When I look up into the sky, it’s disconcerting to see what looks like an overcast cover of nice clouds, but that’s not water vapor, it’s the acrid smoke from our beloved mountains as they purge overgrown fuel in a drought stricken rain-forest. I wonder, will we ever see blue sky again? Did you ever think a rain-forest could burn? Yes, in 2017, yes, and we’re paying dearly. While people brace for another hurricane in The Atlantic, Washingtonian residents wonder if we’ll ever feel rain again. There are whispers of relief by the weekend, but not in time to save our forests.

My limited camera cannot capture the full visual of smoke inundating the farm, but it’s noticeable, so noticeable in fact, that visibility is reduced in 1,000ft. My back field looks “foggy” from the house. You cannot see the mountains, you cannot see the hills, nothing but a brown haze all around. When the moon rises, she’s full and red, blood red, like a sand storm; it reminds me of Oklahoma in late summer, when the red dust kicks up at dusk.

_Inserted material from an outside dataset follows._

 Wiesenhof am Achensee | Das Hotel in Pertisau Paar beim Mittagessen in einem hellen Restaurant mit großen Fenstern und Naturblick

Will this be our future? Ash and smoke? The loss of our forests? What will our beautiful Cascades look like this winter? We’re no longer The Evergreen State, but perhaps the Everablaze State. Leafhopper Farm will continue to steward the trees here, and give gratitude to Weiss Creek, which continues to flow, without rain, or fire, under the blood red moon and orange sun. Are these the Red Skies we were warned about? No, but the message is clear, change, ever present change, and we adapt to live.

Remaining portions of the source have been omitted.